BEGIN Data extracts

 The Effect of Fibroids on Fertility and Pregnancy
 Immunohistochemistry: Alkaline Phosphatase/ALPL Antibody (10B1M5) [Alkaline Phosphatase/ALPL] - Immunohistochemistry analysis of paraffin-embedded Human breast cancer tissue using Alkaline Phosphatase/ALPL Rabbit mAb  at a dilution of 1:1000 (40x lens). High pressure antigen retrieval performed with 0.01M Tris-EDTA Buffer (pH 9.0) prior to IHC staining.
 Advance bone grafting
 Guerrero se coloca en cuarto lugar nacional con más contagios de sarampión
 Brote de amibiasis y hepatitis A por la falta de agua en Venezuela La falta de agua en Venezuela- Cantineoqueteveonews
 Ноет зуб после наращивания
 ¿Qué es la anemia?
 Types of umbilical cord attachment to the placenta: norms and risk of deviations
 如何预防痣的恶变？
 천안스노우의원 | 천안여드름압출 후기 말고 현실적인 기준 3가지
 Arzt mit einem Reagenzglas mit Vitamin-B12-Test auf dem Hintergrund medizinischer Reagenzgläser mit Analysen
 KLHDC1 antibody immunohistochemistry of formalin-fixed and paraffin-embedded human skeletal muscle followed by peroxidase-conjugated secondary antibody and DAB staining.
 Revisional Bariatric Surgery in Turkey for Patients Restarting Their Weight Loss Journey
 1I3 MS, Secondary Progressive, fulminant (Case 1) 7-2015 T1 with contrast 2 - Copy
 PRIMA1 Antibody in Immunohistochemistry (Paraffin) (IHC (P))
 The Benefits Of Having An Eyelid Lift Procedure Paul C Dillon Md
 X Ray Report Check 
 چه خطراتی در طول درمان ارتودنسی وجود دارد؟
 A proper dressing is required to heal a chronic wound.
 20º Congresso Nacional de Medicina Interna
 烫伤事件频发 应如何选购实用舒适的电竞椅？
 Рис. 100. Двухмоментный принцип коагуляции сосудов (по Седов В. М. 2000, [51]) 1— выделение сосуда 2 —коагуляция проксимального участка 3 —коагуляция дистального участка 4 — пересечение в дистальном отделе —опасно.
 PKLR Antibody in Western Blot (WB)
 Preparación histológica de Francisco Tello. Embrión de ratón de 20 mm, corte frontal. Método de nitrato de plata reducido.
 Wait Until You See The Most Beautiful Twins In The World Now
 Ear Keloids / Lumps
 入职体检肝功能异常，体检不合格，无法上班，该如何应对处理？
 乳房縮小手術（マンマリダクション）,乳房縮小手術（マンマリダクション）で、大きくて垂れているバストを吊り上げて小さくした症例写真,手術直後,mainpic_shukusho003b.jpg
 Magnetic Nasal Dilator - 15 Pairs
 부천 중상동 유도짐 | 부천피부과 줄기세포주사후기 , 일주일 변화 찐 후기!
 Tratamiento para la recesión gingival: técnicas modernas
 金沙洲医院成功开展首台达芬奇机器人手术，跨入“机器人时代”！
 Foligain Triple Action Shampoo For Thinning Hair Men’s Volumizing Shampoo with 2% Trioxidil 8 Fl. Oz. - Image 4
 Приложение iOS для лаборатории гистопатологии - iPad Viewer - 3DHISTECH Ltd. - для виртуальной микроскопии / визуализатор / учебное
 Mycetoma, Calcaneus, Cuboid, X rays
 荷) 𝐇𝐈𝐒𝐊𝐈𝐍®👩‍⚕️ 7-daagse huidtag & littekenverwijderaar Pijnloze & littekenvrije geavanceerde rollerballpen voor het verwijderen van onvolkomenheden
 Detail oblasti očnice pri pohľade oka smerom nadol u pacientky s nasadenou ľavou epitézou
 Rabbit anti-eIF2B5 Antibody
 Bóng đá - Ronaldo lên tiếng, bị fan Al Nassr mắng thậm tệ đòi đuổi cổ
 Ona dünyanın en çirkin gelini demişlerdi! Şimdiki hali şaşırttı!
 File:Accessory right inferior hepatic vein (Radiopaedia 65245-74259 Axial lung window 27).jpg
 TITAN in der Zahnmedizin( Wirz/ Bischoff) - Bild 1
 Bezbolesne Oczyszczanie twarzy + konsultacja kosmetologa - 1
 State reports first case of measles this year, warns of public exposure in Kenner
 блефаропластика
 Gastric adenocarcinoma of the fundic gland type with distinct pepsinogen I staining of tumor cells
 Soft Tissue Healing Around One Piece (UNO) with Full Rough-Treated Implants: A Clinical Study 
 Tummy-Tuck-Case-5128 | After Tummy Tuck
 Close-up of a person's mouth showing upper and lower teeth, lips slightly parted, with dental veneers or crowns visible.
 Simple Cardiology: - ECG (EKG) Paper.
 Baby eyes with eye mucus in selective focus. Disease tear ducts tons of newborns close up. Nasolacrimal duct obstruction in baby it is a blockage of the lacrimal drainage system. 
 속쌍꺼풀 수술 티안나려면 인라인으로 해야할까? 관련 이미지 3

END Data extracts

Out of the data above, transcribe exactly and only the lines starting with the line that has "KLHDC1 antibody immunohistochemistry" and going on through the line that has "File:Accessory right inferior", both included.

### Result of this exercise:
 KLHDC1 antibody immunohistochemistry of formalin-fixed and paraffin-embedded human skeletal muscle followed by peroxidase-conjugated secondary antibody and DAB staining.
 Revisional Bariatric Surgery in Turkey for Patients Restarting Their Weight Loss Journey
 1I3 MS, Secondary Progressive, fulminant (Case 1) 7-2015 T1 with contrast 2 - Copy
 PRIMA1 Antibody in Immunohistochemistry (Paraffin) (IHC (P))
 The Benefits Of Having An Eyelid Lift Procedure Paul C Dillon Md
 X Ray Report Check 
 چه خطراتی در طول درمان ارتودنسی وجود دارد؟
 A proper dressing is required to heal a chronic wound.
 20º Congresso Nacional de Medicina Interna
 烫伤事件频发 应如何选购实用舒适的电竞椅？
 Рис. 100. Двухмоментный принцип коагуляции сосудов (по Седов В. М. 2000, [51]) 1— выделение сосуда 2 —коагуляция проксимального участка 3 —коагуляция дистального участка 4 — пересечение в дистальном отделе —опасно.
 PKLR Antibody in Western Blot (WB)
 Preparación histológica de Francisco Tello. Embrión de ratón de 20 mm, corte frontal. Método de nitrato de plata reducido.
 Wait Until You See The Most Beautiful Twins In The World Now
 Ear Keloids / Lumps
 入职体检肝功能异常，体检不合格，无法上班，该如何应对处理？
 乳房縮小手術（マンマリダクション）,乳房縮小手術（マンマリダクション）で、大きくて垂れているバストを吊り上げて小さくした症例写真,手術直後,mainpic_shukusho003b.jpg
 Magnetic Nasal Dilator - 15 Pairs
 부천 중상동 유도짐 | 부천피부과 줄기세포주사후기 , 일주일 변화 찐 후기!
 Tratamiento para la recesión gingival: técnicas modernas
 金沙洲医院成功开展首台达芬奇机器人手术，跨入“机器人时代”！
 Foligain Triple Action Shampoo For Thinning Hair Men’s Volumizing Shampoo with 2% Trioxidil 8 Fl. Oz. - Image 4
 Приложение iOS для лаборатории гистопатологии - iPad Viewer - 3DHISTECH Ltd. - для виртуальной микроскопии / визуализатор / учебное
 Mycetoma, Calcaneus, Cuboid, X rays
 荷) 𝐇𝐈𝐒𝐊𝐈𝐍®👩‍⚕️ 7-daagse huidtag & littekenverwijderaar Pijnloze & littekenvrije geavanceerde rollerballpen voor het verwijderen van onvolkomenheden
 Detail oblasti očnice pri pohľade oka smerom nadol u pacientky s nasadenou ľavou epitézou
 Rabbit anti-eIF2B5 Antibody
 Bóng đá - Ronaldo lên tiếng, bị fan Al Nassr mắng thậm tệ đòi đuổi cổ
 Ona dünyanın en çirkin gelini demişlerdi! Şimdiki hali şaşırttı!
 File:Accessory right inferior hepatic vein (Radiopaedia 65245-74259 Axial lung window 27).jpg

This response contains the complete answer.